Un lavoratore è stato sorpreso a utilizzare i permessi ex Legge 104/1992 non per assistere il familiare disabile, ma per svolgere attività personali. A stabilire la legittimità del suo licenziamento per giusta causa è il Tribunale di Benevento, con una sentenza del 24 marzo 2025 che ribadisce un principio già affermato dalla Cassazione.
Indagini private per scoprire l’abuso
Il dipendente, che conviveva con la suocera disabile, aveva richiesto due giornate di permesso ai sensi della legge 104. Tuttavia, il datore di lavoro ha incaricato un’agenzia investigativa di monitorare i suoi movimenti.
I risultati hanno parlato chiaro: l’uomo veniva visto alla guida di un furgone, mentre si recava in diverse abitazioni con attrezzi da lavoro. Nessuna assistenza diretta, ma attività riconducibili a un secondo lavoro.
Le difese del lavoratore
Il dipendente ha impugnato il licenziamento sostenendo che stava comunque svolgendo compiti legati all’assistenza, anche se al di fuori dell’abitazione. Ha inoltre contestato la legittimità degli accertamenti investigativi, parlando di violazione della privacy.
Il Tribunale: abuso dei permessi, giusta causa
Il giudice ha respinto tutte le argomentazioni del lavoratore.
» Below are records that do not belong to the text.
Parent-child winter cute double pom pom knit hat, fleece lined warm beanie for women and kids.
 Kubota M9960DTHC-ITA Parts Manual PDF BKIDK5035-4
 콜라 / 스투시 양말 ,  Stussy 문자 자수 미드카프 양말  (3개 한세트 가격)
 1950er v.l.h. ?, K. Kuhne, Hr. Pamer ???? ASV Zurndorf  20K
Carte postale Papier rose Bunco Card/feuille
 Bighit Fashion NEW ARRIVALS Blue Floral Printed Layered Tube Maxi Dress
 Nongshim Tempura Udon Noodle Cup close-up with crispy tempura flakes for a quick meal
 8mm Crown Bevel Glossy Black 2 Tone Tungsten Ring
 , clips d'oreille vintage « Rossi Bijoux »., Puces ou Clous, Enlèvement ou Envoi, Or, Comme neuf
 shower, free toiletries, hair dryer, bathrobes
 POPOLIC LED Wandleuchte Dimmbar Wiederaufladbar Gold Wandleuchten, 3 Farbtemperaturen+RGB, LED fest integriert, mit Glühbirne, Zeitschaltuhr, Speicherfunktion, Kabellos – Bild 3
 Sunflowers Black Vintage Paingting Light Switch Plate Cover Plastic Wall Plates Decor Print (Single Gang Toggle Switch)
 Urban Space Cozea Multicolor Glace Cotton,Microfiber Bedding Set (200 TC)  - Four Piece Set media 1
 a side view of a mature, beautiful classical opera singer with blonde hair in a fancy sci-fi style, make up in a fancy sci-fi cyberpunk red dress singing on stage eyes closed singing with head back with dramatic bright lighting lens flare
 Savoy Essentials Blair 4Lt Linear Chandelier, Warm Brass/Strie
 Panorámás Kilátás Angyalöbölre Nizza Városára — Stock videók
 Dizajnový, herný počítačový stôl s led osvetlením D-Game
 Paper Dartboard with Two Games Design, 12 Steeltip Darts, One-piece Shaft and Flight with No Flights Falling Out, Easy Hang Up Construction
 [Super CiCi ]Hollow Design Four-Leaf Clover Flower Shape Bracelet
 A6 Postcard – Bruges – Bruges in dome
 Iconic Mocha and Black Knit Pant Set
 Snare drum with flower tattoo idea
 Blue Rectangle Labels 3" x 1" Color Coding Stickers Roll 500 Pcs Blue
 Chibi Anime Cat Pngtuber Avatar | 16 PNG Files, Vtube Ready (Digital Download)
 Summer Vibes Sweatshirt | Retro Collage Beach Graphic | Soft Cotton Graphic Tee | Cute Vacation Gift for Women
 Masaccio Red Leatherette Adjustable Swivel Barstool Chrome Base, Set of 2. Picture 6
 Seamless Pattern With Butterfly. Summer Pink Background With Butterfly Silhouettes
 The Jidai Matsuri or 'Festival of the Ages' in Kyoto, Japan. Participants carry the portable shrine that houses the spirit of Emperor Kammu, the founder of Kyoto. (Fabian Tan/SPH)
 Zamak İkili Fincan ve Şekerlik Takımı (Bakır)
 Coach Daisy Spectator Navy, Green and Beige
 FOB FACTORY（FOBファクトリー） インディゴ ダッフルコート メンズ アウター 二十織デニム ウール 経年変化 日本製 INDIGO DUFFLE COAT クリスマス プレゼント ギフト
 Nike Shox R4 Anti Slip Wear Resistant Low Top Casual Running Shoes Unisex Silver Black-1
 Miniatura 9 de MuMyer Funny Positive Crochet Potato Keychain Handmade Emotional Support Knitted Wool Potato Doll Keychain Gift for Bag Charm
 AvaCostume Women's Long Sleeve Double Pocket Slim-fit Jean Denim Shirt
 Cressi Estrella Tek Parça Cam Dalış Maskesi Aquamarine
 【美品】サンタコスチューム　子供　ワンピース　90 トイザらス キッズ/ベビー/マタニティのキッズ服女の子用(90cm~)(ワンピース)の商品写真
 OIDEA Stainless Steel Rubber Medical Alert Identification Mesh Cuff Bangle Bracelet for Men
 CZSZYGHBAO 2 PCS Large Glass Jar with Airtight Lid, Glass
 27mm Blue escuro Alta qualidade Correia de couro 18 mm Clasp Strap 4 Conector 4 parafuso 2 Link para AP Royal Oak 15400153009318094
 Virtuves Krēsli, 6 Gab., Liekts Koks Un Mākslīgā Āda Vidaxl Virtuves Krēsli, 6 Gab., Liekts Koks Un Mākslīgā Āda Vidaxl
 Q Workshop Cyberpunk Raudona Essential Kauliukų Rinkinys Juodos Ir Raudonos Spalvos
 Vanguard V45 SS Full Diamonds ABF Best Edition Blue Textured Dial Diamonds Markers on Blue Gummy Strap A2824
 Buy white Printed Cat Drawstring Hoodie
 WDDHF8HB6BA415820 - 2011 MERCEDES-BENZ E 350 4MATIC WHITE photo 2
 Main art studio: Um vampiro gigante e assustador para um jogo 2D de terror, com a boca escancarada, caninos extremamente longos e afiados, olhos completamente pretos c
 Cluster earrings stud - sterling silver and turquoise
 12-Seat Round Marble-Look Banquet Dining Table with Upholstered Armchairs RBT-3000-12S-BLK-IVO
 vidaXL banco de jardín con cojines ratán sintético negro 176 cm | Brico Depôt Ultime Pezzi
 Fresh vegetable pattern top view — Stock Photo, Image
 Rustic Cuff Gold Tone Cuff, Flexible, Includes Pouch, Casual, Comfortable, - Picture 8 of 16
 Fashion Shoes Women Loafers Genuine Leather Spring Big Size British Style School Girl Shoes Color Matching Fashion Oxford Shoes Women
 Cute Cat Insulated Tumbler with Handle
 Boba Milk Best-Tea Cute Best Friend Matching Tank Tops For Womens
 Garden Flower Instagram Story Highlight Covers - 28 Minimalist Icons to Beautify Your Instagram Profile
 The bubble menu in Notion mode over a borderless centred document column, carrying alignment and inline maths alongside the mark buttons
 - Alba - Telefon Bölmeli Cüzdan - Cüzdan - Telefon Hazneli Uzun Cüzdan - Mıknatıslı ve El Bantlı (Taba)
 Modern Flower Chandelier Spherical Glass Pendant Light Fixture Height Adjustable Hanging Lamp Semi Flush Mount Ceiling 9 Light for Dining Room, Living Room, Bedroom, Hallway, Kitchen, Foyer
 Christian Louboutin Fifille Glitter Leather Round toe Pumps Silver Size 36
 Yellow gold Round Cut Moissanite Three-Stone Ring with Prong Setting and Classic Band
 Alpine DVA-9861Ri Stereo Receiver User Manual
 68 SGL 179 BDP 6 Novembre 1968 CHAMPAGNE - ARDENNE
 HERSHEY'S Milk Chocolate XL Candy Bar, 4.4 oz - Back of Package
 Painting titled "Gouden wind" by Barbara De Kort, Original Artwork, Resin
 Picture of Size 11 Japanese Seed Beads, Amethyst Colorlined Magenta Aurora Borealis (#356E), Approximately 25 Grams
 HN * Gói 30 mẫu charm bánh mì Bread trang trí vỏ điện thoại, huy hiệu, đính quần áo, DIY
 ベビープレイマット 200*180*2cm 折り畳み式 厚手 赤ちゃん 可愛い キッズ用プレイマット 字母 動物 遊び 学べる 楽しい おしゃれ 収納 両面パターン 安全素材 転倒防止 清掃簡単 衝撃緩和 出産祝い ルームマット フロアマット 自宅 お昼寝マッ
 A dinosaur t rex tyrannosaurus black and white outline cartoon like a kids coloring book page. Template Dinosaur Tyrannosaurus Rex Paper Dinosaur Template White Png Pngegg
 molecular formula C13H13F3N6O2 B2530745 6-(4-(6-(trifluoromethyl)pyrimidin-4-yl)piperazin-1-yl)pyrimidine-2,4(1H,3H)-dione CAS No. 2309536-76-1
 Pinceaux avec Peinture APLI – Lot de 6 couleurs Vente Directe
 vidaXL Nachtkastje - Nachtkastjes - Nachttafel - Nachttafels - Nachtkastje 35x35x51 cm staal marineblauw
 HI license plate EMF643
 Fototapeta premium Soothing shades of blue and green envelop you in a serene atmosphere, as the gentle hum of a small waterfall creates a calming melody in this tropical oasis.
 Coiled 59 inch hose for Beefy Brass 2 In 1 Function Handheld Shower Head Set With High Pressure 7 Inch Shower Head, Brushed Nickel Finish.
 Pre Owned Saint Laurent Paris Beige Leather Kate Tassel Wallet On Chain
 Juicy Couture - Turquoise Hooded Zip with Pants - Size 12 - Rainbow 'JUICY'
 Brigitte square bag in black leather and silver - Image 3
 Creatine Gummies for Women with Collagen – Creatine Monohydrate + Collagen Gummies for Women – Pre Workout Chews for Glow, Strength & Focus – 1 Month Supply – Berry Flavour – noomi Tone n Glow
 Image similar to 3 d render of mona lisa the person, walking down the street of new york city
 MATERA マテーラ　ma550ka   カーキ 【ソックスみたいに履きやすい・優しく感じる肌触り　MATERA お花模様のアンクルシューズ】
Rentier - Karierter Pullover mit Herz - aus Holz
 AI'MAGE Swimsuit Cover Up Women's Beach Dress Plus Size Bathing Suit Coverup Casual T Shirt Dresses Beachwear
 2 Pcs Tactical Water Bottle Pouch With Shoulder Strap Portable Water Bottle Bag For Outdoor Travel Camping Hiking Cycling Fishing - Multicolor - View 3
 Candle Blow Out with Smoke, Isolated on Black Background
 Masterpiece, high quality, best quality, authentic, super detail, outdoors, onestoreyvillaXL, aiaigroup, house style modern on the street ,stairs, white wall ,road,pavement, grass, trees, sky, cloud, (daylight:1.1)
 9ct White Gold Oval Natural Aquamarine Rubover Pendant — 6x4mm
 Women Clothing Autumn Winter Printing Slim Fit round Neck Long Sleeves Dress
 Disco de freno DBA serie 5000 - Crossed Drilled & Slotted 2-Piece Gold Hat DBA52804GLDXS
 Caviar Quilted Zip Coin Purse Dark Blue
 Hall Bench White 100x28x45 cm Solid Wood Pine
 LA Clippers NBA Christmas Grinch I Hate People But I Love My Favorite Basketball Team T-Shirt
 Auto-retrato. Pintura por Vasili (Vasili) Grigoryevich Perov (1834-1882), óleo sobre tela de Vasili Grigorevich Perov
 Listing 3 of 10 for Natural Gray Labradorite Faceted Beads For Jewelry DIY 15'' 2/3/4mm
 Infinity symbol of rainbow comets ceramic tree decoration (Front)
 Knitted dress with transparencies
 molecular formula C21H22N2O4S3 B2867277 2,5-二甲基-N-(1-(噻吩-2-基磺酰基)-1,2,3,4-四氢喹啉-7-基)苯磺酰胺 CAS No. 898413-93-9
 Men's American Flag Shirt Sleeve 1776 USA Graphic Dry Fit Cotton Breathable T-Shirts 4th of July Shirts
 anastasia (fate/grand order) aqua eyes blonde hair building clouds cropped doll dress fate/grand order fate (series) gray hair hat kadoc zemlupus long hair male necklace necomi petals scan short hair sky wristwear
Secondo la sentenza, i permessi Legge 104 possono essere utilizzati solo per prestare assistenza diretta al disabile. Non sono giorni liberi da dedicare ad altro, né servono per recuperare energie.
Anche un’assistenza solo formale o minima — ad esempio di pochi minuti — non giustifica l’intera giornata di permesso retribuito. In questo caso, la presenza del lavoratore nell’abitazione della suocera è stata stimata in circa 30 minuti a fronte di un permesso di 4 ore.
Controlli investigativi legittimi
Il Tribunale ha anche chiarito che i controlli investigativi sono leciti, se mirati ad accertare comportamenti potenzialmente penalmente rilevanti. L’agenzia non ha violato la privacy, perché non ha monitorato l’attività lavorativa interna, ma solo il rispetto delle finalità per cui era stato concesso il permesso.
Il ricorso del lavoratore è stato quindi rigettato, confermando che chi abusa dei permessi rischia concretamente il licenziamento per giusta causa.